Last week we discussed one of those “fiction rules” that begins to get trumpeted about until it gets chiseled in a tablet as an unbreakable command. Here’s one that seems to be developing: No prologues!

You hear this occasionally from agents and even readers. So it behooves us to ask if there’s something to this mushrooming new “rule.”

I think there is––and isn’t.

Let me explain.

First, a definition. A prologue is a scene (or sometimes a group of scenes) that precedes in time the main plot. So the question to ask yourself is, if it isn’t part of the main plot, why am I including it? And why should a reader bother with it?

Some reasons you might include a prologue:

• To start the book with intense action that hooks the reader.

• To set up an intriguing mystery that will pay off later in the book.

• To show a significant incident in the Lead’s life that haunts him in the present.

• To demonstrate the evil deeds of the bad guy, setting up the stakes for the Lead.

What a prologue should not be is merely an excuse to give us backstory, the sort of information about the Lead that can wait to be revealed later. Only if the material in the prologue is absolutely essential, riveting and has real impact on the story, should it be used.

Maybe that’s why agents are suspicious. They see too many prologues that don’t need to be there.
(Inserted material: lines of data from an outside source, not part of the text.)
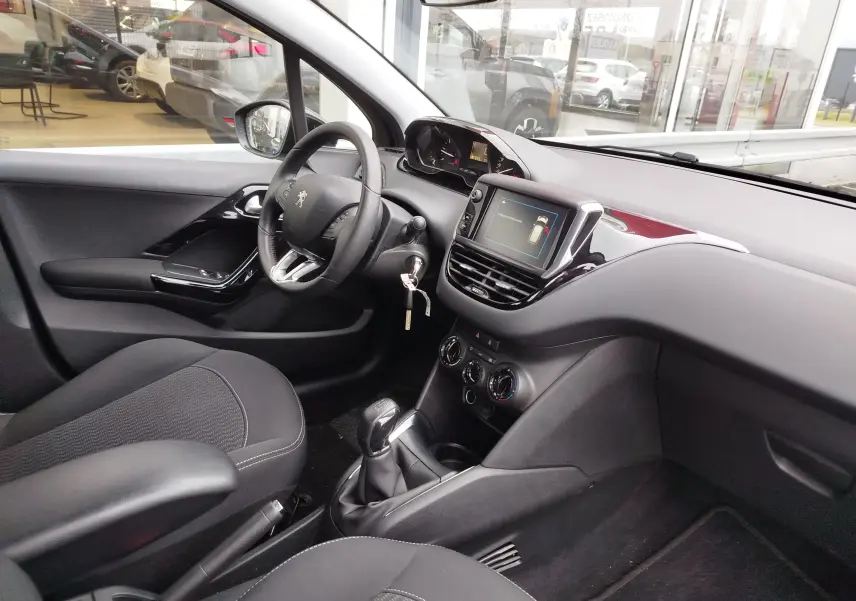 Vue intérieure côté conducteur de la Peugeot 208 noire, montrant le volant, la console centrale avec écran tactile et la boîte manuelle.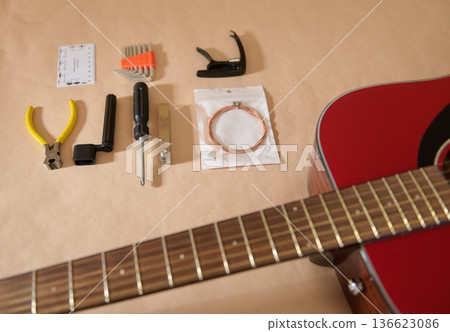 Guitar Maintenance and String Changing Tools Laid Out With Red Acoustic Guitar Guitar Maintenance and String Changing Tools Laid Out With Red Acoustic Guitar 136623086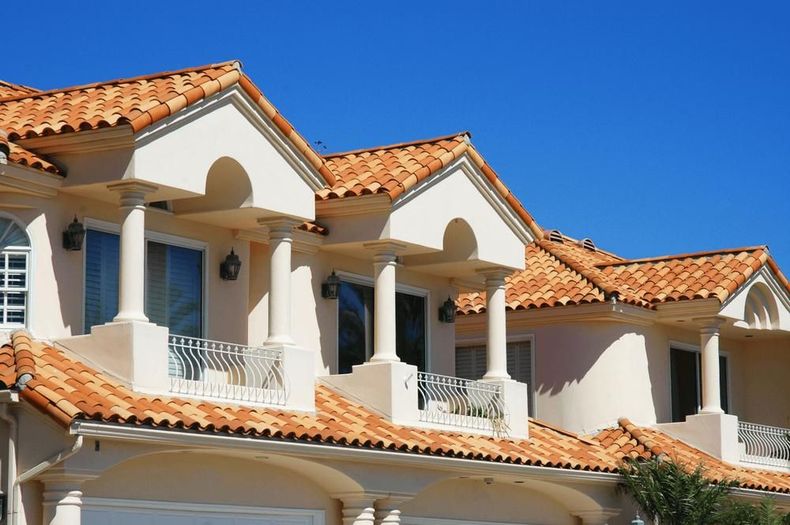 Spanish-style stucco homes with red tile roofs and white balconies against a blue sky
Some readers report that they skip prologues. Why would they do that? Perhaps because it seems to them that it’s just setup information and they want to get right on to the story.

So what should you do if you’ve got a great prologue that makes sense? That accomplishes just what it’s suppose to?

Should you give up and bow to the blanket rule that you should never use a prologue? I don’t think so.

Instead, be deceptive.

That’s right. I said deceptive. You’re a fiction writer, after all. That’s what you do.

So here is a simple strategy: never label a prologue as “Prologue.” That’s an invitation for a reader, not to mention an agent or editor, to skip this part or toss aside the manuscript.

Instead, if it’s in the long past, you can start with a date stamp, like this:

November 22, 1963

Or you can simply decide to call it “Chapter One.”

Another option is simply not to put anything at all. I like this move. You just go halfway down the page and start your scene. Then, you can number the next scene as Chapter One. This was the strategy used by Harlan Coben in Tell No One. There is no call out that the book opens with a prologue. It simply gives us a riveting scene about a husband losing his wife and getting knocked out. Then, the next scene is headed:

1

Eight Years Later

But Coben wrote such a great opening scene that you don’t stop and say, “Hey! He fooled me! That was a prologue! I want my money back!”

So here’s my bottom line advice. Don’t start with a prologue unless you have an absolutely clear reason for doing so. Make it short, too, unless you can justify the longer opening––as in, say, Mystic River, where the opening scenes, in the long past, are essential to understanding the plot as it unfolds. Dennis Lehane knew what he was doing.

Make sure you do, too, and then just don’t call it a “Prologue.” Problem solved.

Or is it? Do you tend to be let down if you see the word Prologue at the beginning of the book? Do you care? Is “Kill the Prologues” one “rule” we should nip in the bud?